**What this task involves:** Your answer must be the lines from the one containing "Alright guys, comment" through the last line below, copied exactly, with no pictures.

**Given material:**
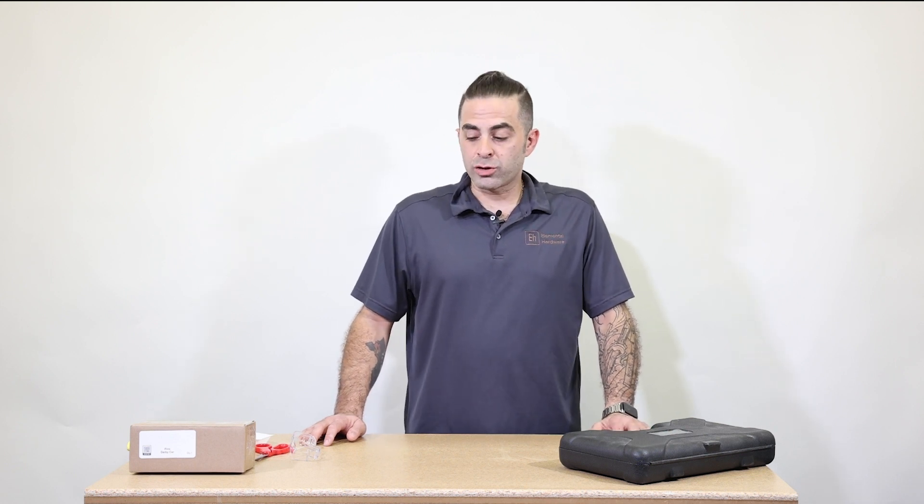Hello and welcome to Elemental Hardware Enrichment. My name is Sebastian and today we're going to build a derby car. So let's get started.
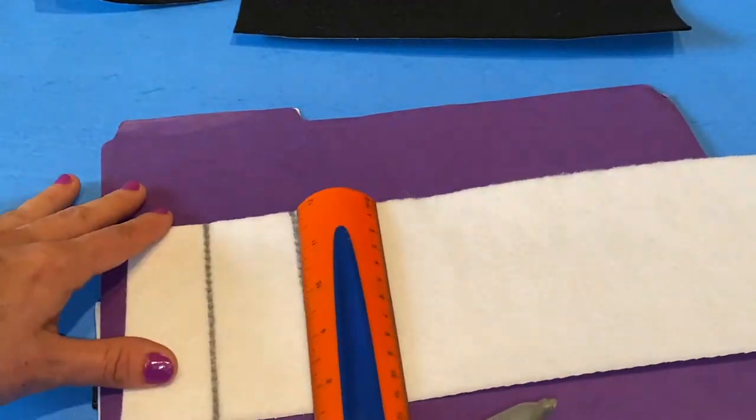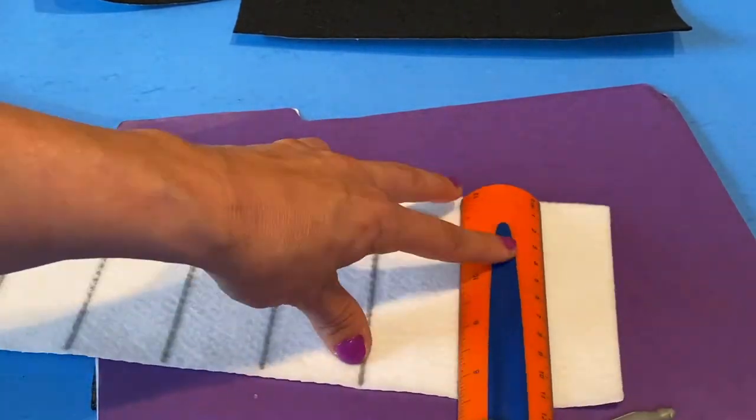For the black keys, you're going to cut about two inches thick. Now I'm going to take my ruler and just mark each note on the piano and have the lines of the piano ready to go.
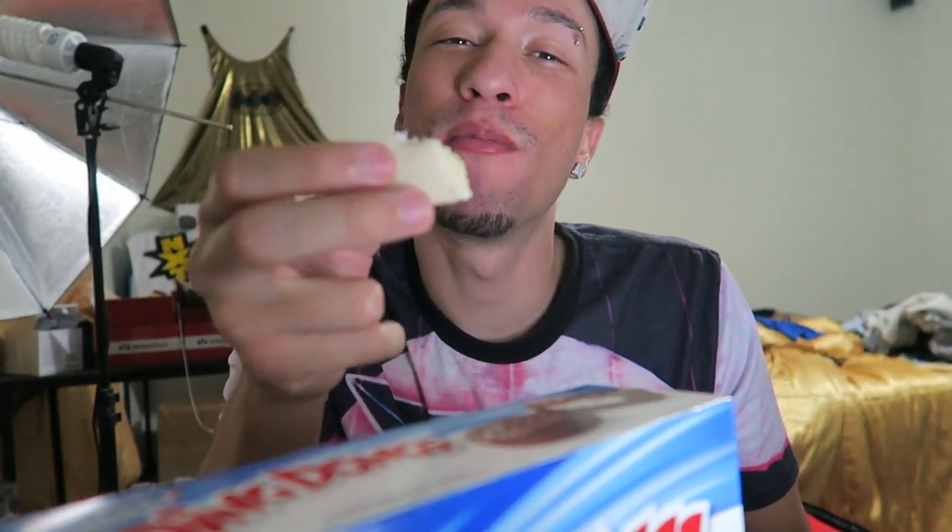Alright guys, comment down below and let me know what you think of these — if you think they're Zebra Cakes in disguise. Thumbs up, comment, subscribe — remember to smash that red button. We're almost at 10K. Follow me on social media. Catch y'all later.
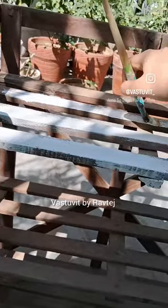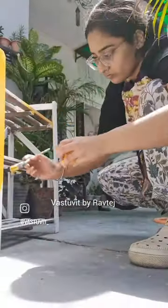Hi everyone, I have this old shoe rack which is almost 30 years old. My mum uses it for keeping her planters now, but I wanted to give it a quick makeover.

**Solution:**
Alright guys, comment down below and let me know what you think of these — if you think they're Zebra Cakes in disguise. Thumbs up, comment, subscribe — remember to smash that red button. We're almost at 10K. Follow me on social media. Catch y'all later.
Hi everyone, I have this old shoe rack which is almost 30 years old. My mum uses it for keeping her planters now, but I wanted to give it a quick makeover.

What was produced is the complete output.